**Records shown**
****
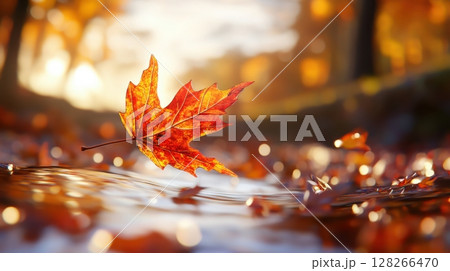 Single crimson maple leaf leads a stream of swirling airborne foliage at sunset with blurred background and a forest path barely visible 128266470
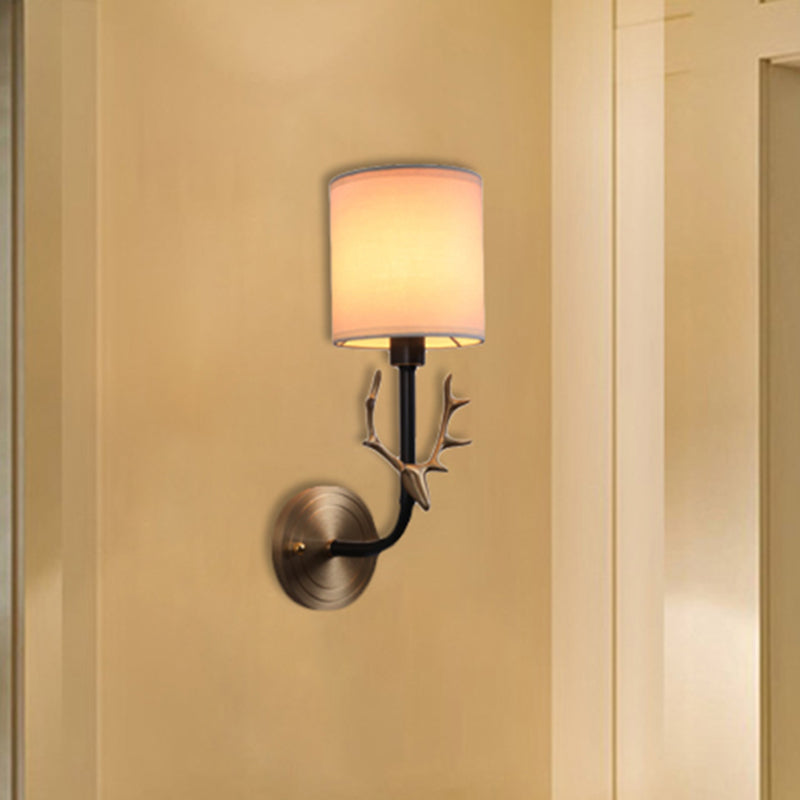 Modern 1/2 Lights Wall Sconce with Fabric Shade - Black/Gold Cylinder Wall Mount Fixture featuring Metal Antler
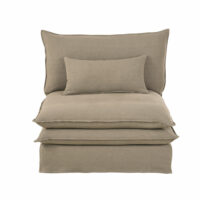 Chauffeuse de canapé en lin épais beige ficelle Pompei Maisons du Monde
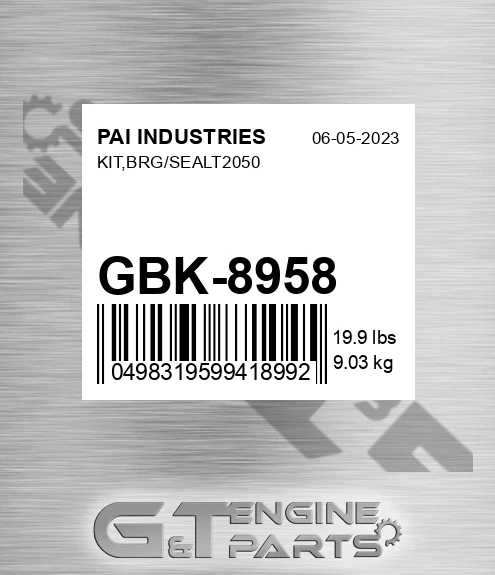 GBK-8958 Kit,brg/sealt2050 for PAI INDUSTRIES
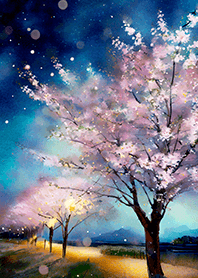 Beautiful night cherry blossoms#1549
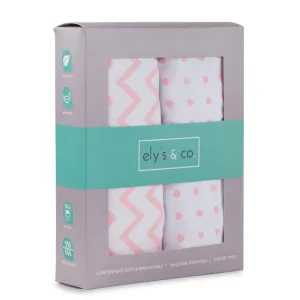 Crib Sheet Set I Pink Chevron and Polka Dots
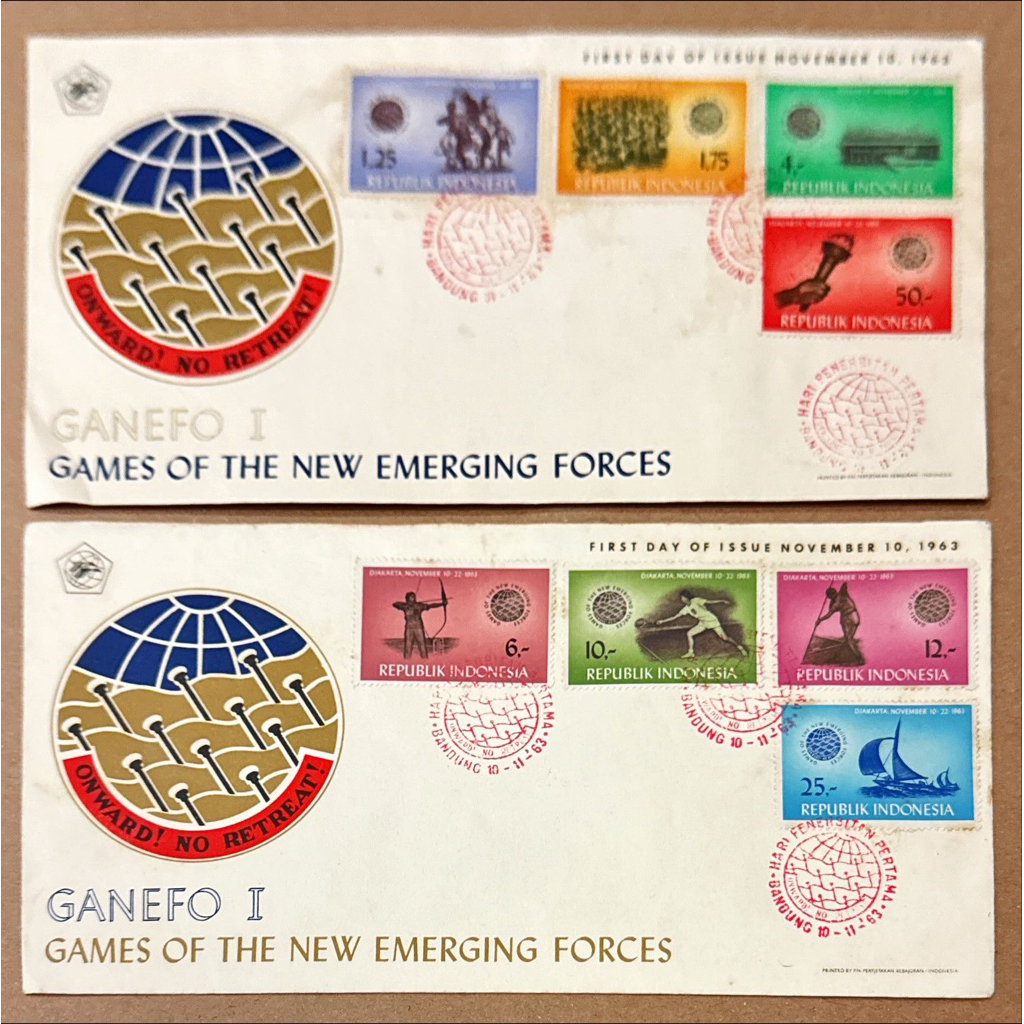

PRANGKO INDONESIA 1963 SHP GANEFO I (GAMES OF THE NEW EMERGING FORCES ) 2 SAMPUL COMPLIT SET MINT.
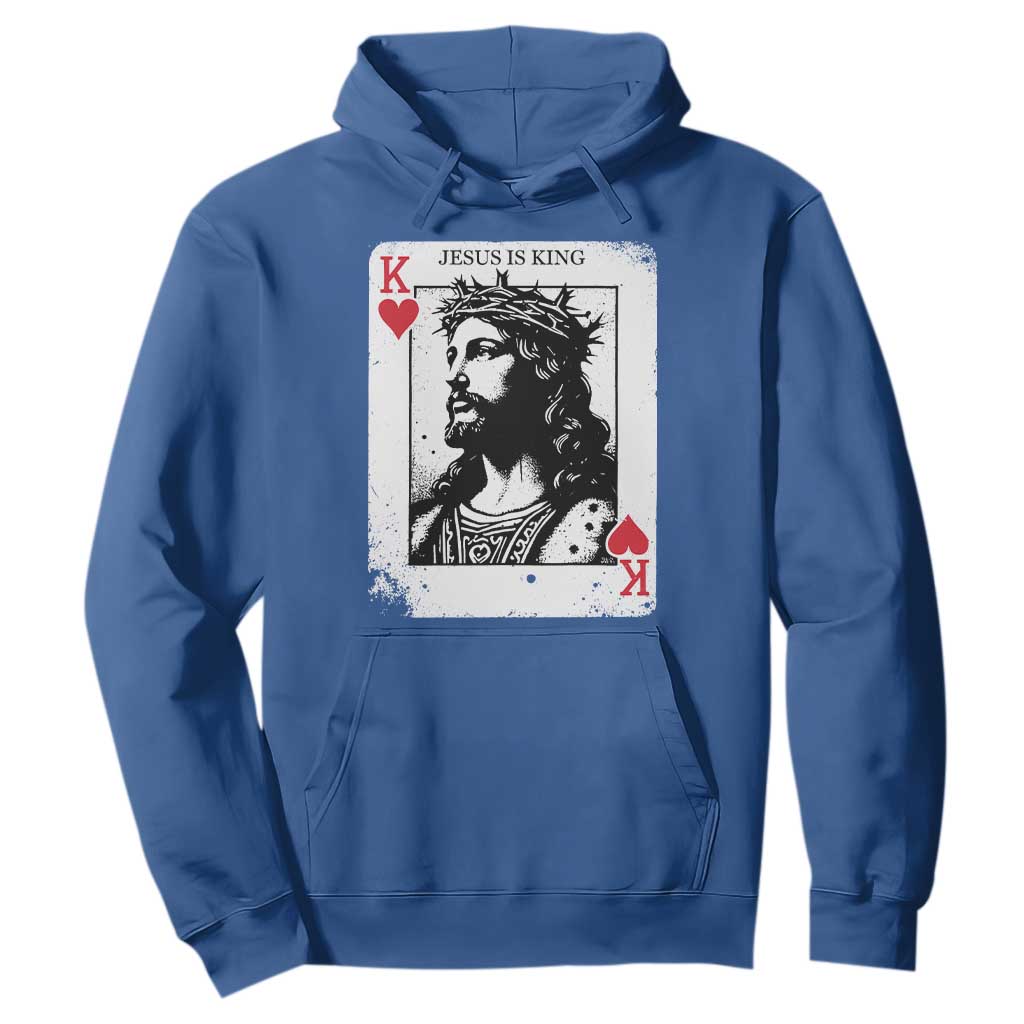 Jesus Is King Playing Card Graphic Hoodie King of Hearts Christian Faith TS02 Royal Blue Print Your Wear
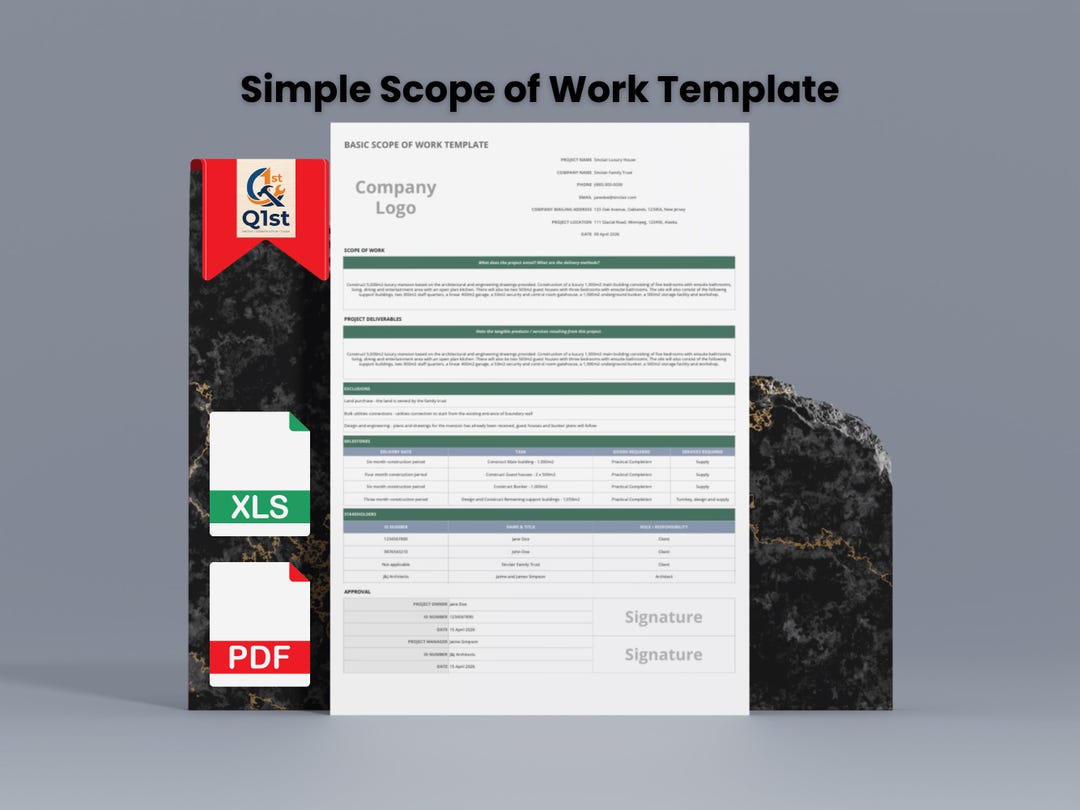 Simple Scope of Work Template - Etsy UK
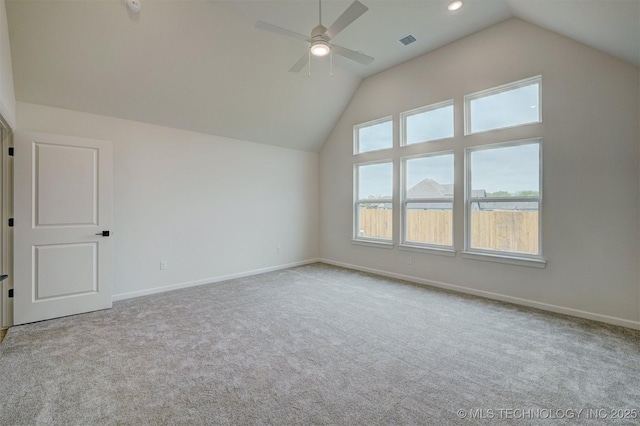 additional living space featuring vaulted ceiling, visible vents, carpet floors, and ceiling fan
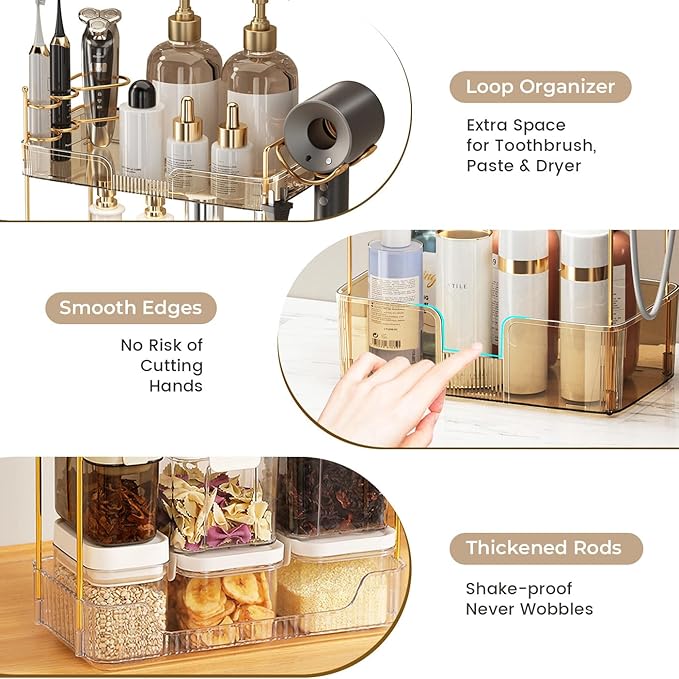 Aveniee Bathroom Counter Organizer,3 Tier Skincare Perfume Countertop Storage with Hair Dryer Rack and Toothbrush Holder, Cosmetic Makeup Tray for Vanity - Gold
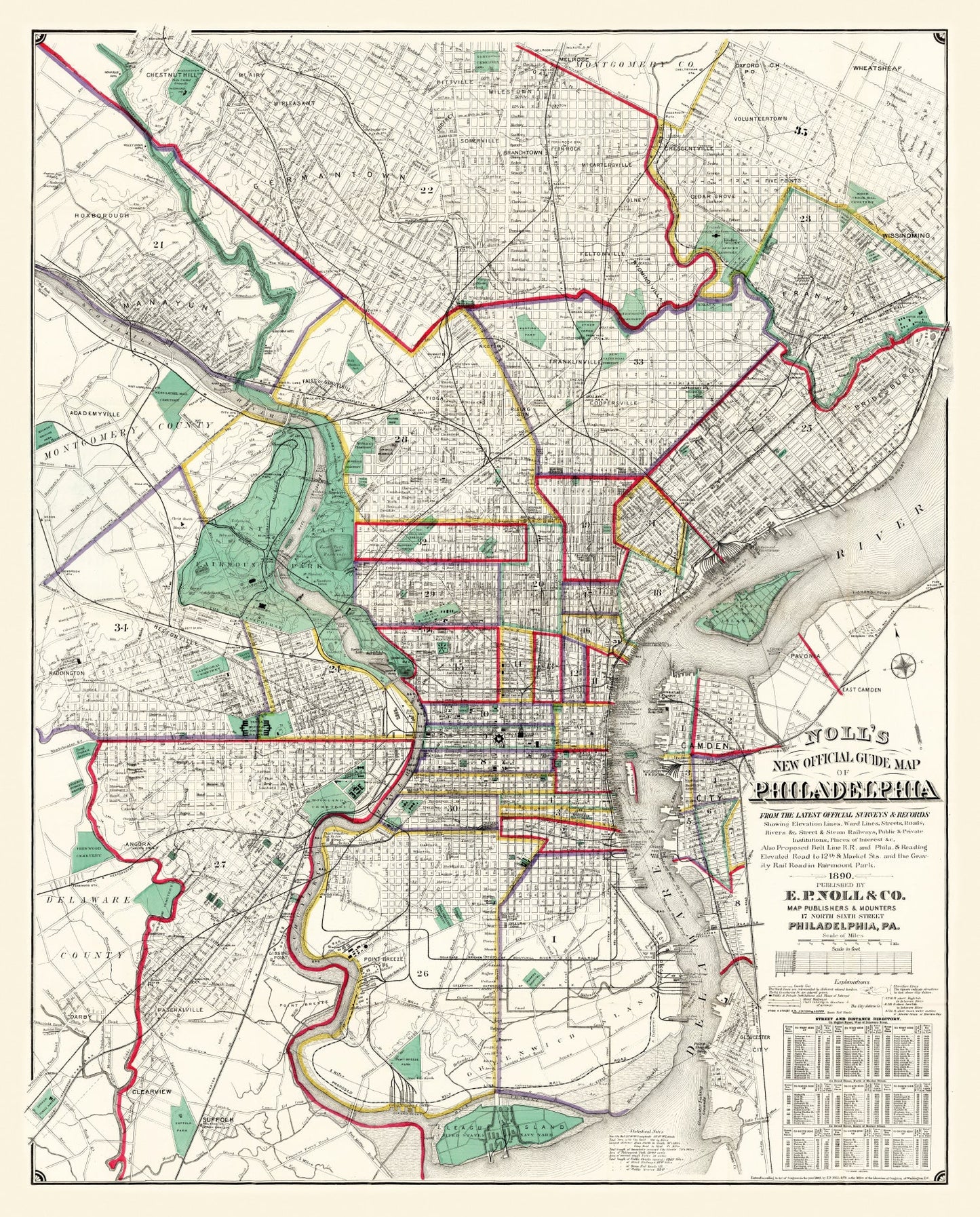 Vintage Map of Philadelphia, Pennsylvania, 1890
****
**What is expected**
Leaving all pictures out, output exactly the lines of the material above from the line with "GBK-8958 Kit,brg/sealt2050 for" to the line with "additional living space", both included.

**Solution to the exercise**
 GBK-8958 Kit,brg/sealt2050 for PAI INDUSTRIES
 Beautiful night cherry blossoms#1549
 Crib Sheet Set I Pink Chevron and Polka Dots

PRANGKO INDONESIA 1963 SHP GANEFO I (GAMES OF THE NEW EMERGING FORCES ) 2 SAMPUL COMPLIT SET MINT.
 Jesus Is King Playing Card Graphic Hoodie King of Hearts Christian Faith TS02 Royal Blue Print Your Wear
 Simple Scope of Work Template - Etsy UK
 additional living space featuring vaulted ceiling, visible vents, carpet floors, and ceiling fan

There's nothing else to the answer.